Dans les militarocraties parmi lesquelles se situe en bonne place le Congo de Nguesso, les chances de voir s’installer, sans effusion de sang, une véritable démocratie apaisée sont aussi incertaines que sont les perspectives de développement, et ce d’autant plus qu’en général, les motivations des dirigeants de ces régimes brutaux comme celui de Brazzaville n’ont jamais été guidées par l’intérêt général, cf. l’affaire du Waldorf Astoria ou des comptes bancaires français.

Si les Congolais ne se lèvent pas comme un seul homme, s’ils ne deviennent pas tous des burkinabé, les dérives de Denis Sassou Nguésso vont perdurer, le pouvoir d’État étant, chez lui, sa famille et son clan, le plus sûr moyen de maintenir leur train de vie exponentiel. On rapporte que face à la volonté affichée du chef de l’État congolais de se maintenir contre vents et marées, par le biais des résultats truqués d’un référendum manipulé, les pays occidentaux restent divisés. Pourquoi devaient-ils l’être, ces Blancs, tout en sachant que les politiques de confiscation du pouvoir ont pour effet, infailliblement, les conflits armés ? Le rôle de l’Occident dans la perpétuation de ces régimes autocratiques et tortionnaires est éloquent et entaché d’une hypocrisie qui n’échappe à personne. Nous assistons, une fois encore, dans le cas congolais, à une duplicité de ces pays du Nord dont finalement nos peuples n’ont plus rien à attendre dans leur lutte contre ces vieilles dictatures.
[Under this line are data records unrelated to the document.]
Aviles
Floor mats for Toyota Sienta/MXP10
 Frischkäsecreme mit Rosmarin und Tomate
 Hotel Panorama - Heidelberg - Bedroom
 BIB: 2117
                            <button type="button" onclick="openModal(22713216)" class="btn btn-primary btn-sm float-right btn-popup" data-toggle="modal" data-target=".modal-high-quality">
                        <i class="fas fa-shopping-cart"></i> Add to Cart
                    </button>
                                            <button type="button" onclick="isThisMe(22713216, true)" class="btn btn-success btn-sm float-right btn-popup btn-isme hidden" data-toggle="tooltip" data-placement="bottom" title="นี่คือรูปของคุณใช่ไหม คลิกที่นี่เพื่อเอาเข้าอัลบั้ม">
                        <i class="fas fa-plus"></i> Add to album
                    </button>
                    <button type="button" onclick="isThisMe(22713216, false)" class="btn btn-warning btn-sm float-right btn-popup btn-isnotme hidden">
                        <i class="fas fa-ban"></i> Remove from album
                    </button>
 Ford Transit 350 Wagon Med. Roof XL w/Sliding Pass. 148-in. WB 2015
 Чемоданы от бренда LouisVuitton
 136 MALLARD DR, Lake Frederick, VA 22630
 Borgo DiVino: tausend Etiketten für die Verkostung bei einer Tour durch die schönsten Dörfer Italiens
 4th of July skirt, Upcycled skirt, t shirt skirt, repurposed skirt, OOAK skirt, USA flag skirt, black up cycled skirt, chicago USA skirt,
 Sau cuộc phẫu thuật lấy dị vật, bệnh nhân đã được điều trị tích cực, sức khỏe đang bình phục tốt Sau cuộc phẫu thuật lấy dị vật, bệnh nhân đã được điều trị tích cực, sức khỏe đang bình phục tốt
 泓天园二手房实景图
« L’Afrique noire est mal partie », affirmait René Dumont. C’était dans les années 1960. Malgré toutes ces décennies écoulées, cet afro-pessimiste insultant demeure encore une réalité cruelle, et ce au grand désespoir des populations africaines. Celles-ci, profondément éprises de l’idéal des lumières contrairement à ce que l’on fait croire, voient en cet idéal la porte de salut susceptible de les mener vers les rivages de l’espérance, vers des lendemains meilleurs. Toutefois, ce n’est point le lieu pour Congolais et autres Africains de jeter le manche après la cognée. L’histoire récente a montré qu’aucun régime autocratique, aussi puissant soit-il, ne peut indéfiniment s’imposer contre la volonté souveraine du peuple. Celui-ci finit toujours par triompher, à faire capituler l’oppresseur. Le déficit d’alternance politique pacifique en Afrique est un fléau auquel il faut mettre fin. Cela demande à tous les Africains opprimés de devenir Burkinabé.

Vraisemblablement, au Congo, on tend vers le recours à un type d’alternance violente comme c’était récemment le cas au pays des Mossis,le Burkina. N’est-il pas vrai que dans la plupart des pays du continent, les coups d’État surviennent lorsque la démocratie et les mouvements réguliers de personnes à la tête des États sont bloqués par des groupes organisés de pilleurs ? Dans ces pays, il faut le reconnaître, seul un coup de force militaire capable d’accoucher d’un système démocratique, ou alors une révolution populaire totale et entière restent la voie ultime pour parvenir à mettre fin à la tentation à la présidence à vie. Le Congo Brazzaville, ce pays très peu peuplé mais paradoxalement pauvre malgré son sous-sol gorgé de pétrole et sa flore garnie de bois précieux, ne manque pas sur la liste de ces dictatures africaines sans foi ni loi à nettoyer.